Published in final edited form as: J Nat Prod. 2019 Mar 7;82(3):469–484. doi: 10.1021/acs.jnatprod.9b00176

Figure 4.

Figure 4.

Comparison of selectivity ratios produced with different data processing approaches. All models were derived from the ten-pool set analyzed at 0.1 mg/mL in the mass spectrometer using bioassay data at 25 μg/mL. m/z-retention time pairs (x-axis, low to high m/z) are plotted relative to their selectivity ratios (y-axis). The most positive bars (selectivity ratios) represent compounds with the highest ratio of explained to residual variance, and are predicted to be associated with biological activity. A series of identified features were associated with berberine and marked in yellow, including an [M]+ ion at m/z 336.123 and retention time (Rt) 2.96 min, an [M]+ ion with an m/z of 338.127 and Rt of 2.961 min (containing two 13C isotopes), an [M]+ ion at m/z 339.129 min and Rt 2.94 (containing three 13C isotopes), and an [M]+ ion at m/z 336.126 at Rt 6.355 min (Rt difference because berberine was retained on the column). Two features were identified as associated with magnolol, and are marked in green, representing the [M-H] ion at m/z 265.123 and 13C isotope at m/z 266.127 at an Rt of 5.756 min.

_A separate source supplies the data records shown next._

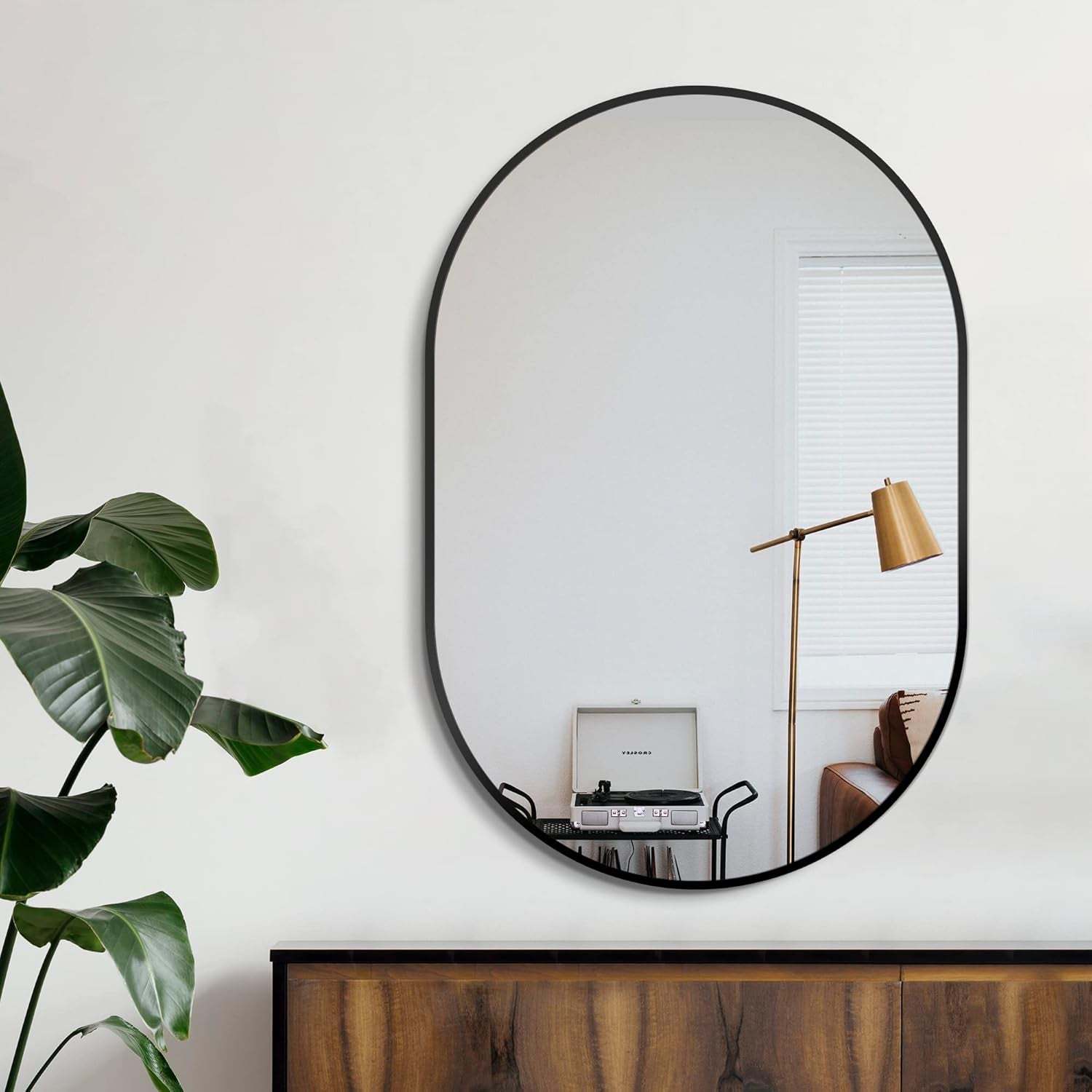 Bathroom Vanity Mirror for Wall, 36''X24'' Black Oval Bathroom Mirror for over Sink, Bedroom, Living Room, Entryway, HD Tempered Glass, Wall Mounted Horizontally or Vertically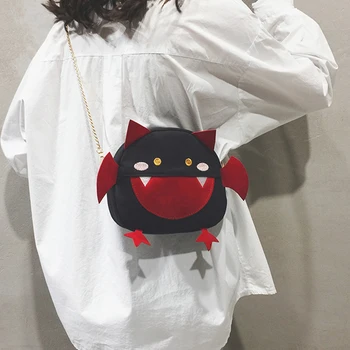 

Cartoon little monster animal new shoulder bag cute loita messenger small bag devil style women's chain handbag with wings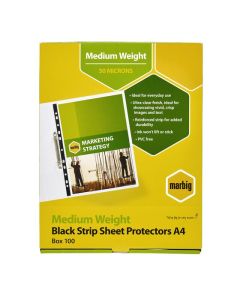 MARBIG SHEET PROTECTORS MEDIUM WEIGHT A4 BLACK STRIP 100BOX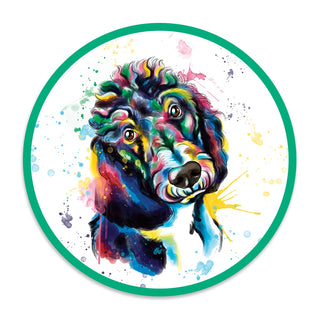 Poodle Dog Watercolor Style Round Vinyl Sticker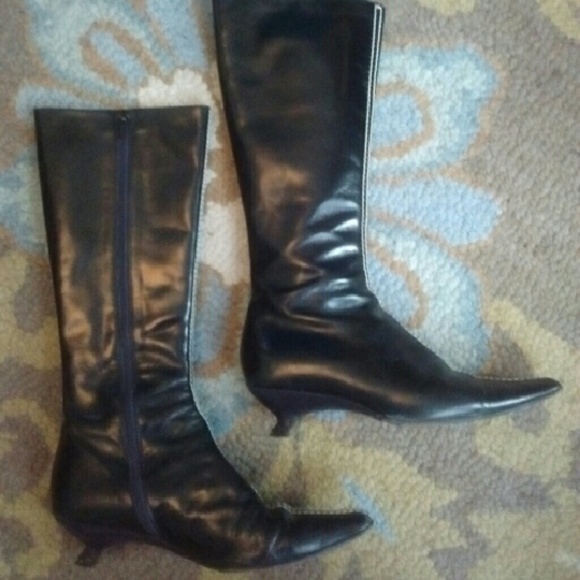 Miu Miu black kitten heel boots white stitching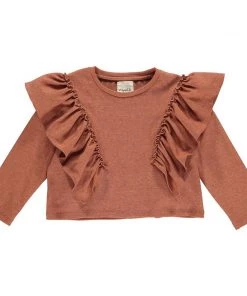 Vignette GIRLS Long Sleeve Ruffle Top In Rust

Polysiloxane contaminants are marked in red. 4A. No data processing approaches were used. 4B. Model simplified using a percent variance cutoff, in which ions showing less than 1% peak area variance across samples (when compared to the most variable peak) were assigned a selectivity score of zero. 4C. Model filtered using hierarchical cluster analysis (HCA), detailed in 14 4D. Model simplified using percent variance cutoff and filtered with HCA. 4E. Model produced using peak area data subjected to a fourth-root transformation. 4F. Model using transformed data and a percent variance cutoff. 4G. Model using transformed data and HCA filtering. 4H. Model produced with transformed data, filtered with HCA, and simplified using a percent variance cutoff. The model produced in Figure 4D has the lowest rate of false positives and the best selectivity ratios for both berberine and magnolol, illustrating that its combination of data processing techniques is most suitable for this application.